> _The problem_
Output, exactly as written, the lines below from the one that has "金寨田园引客来 村集体收入突破30万元" through the one that has "Garten Monatskompass Juni"; nothing else, and no pictures.

> _Records_
= Beginning of Section =

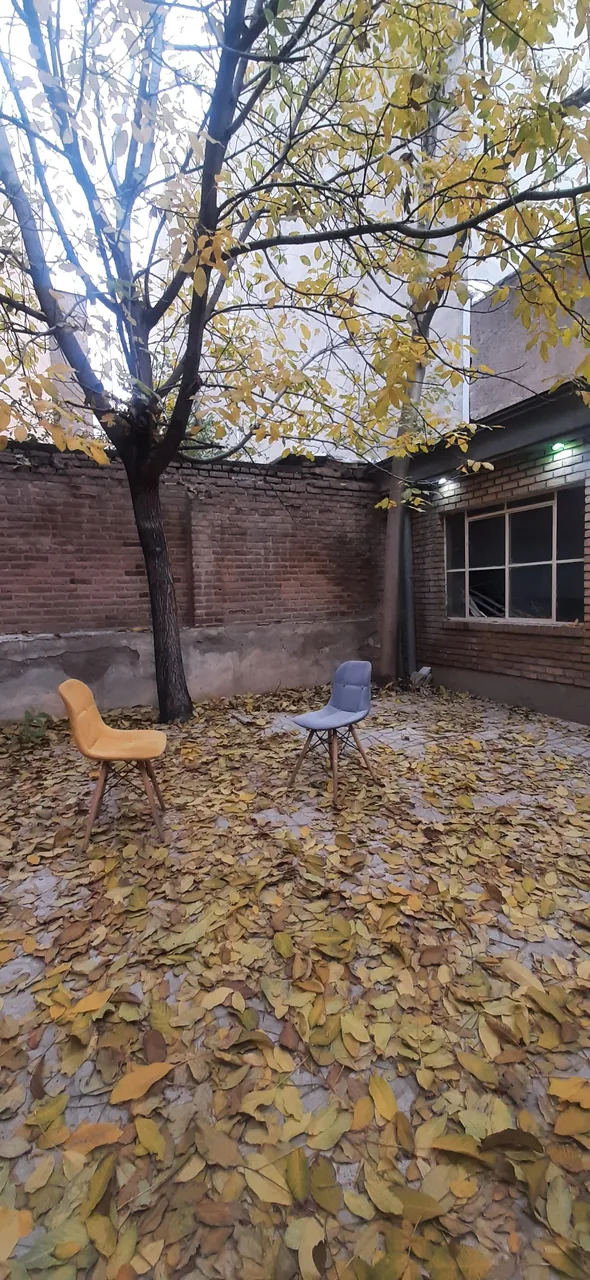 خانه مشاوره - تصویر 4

= End of Section =
= Beginning of Section =

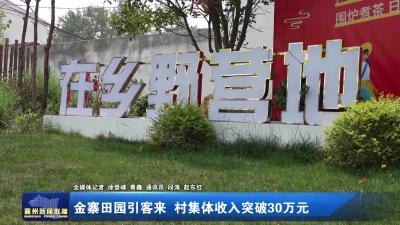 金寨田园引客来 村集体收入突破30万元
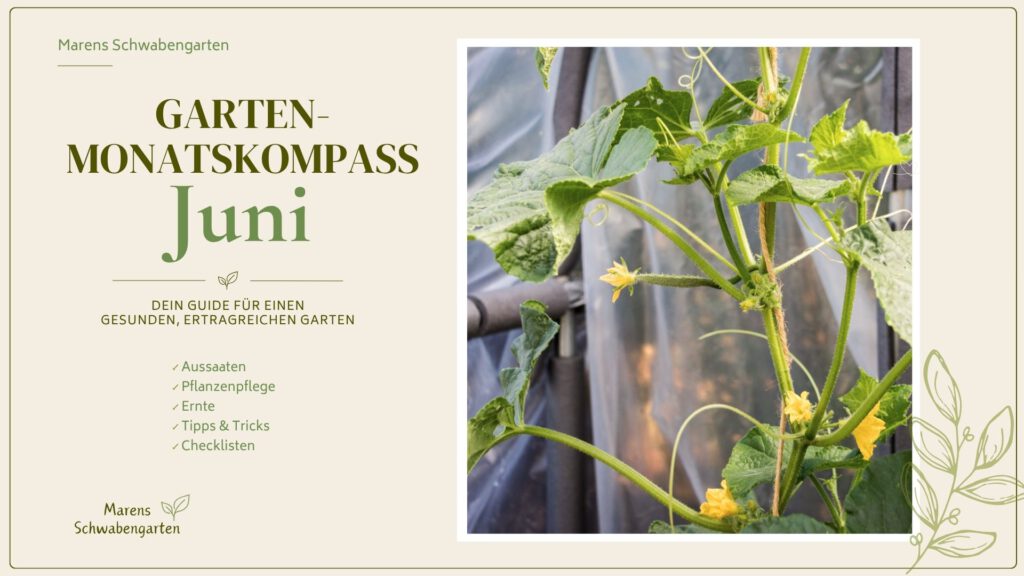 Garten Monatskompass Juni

= End of Section =

> _Result of the task_
 金寨田园引客来 村集体收入突破30万元
 Garten Monatskompass Juni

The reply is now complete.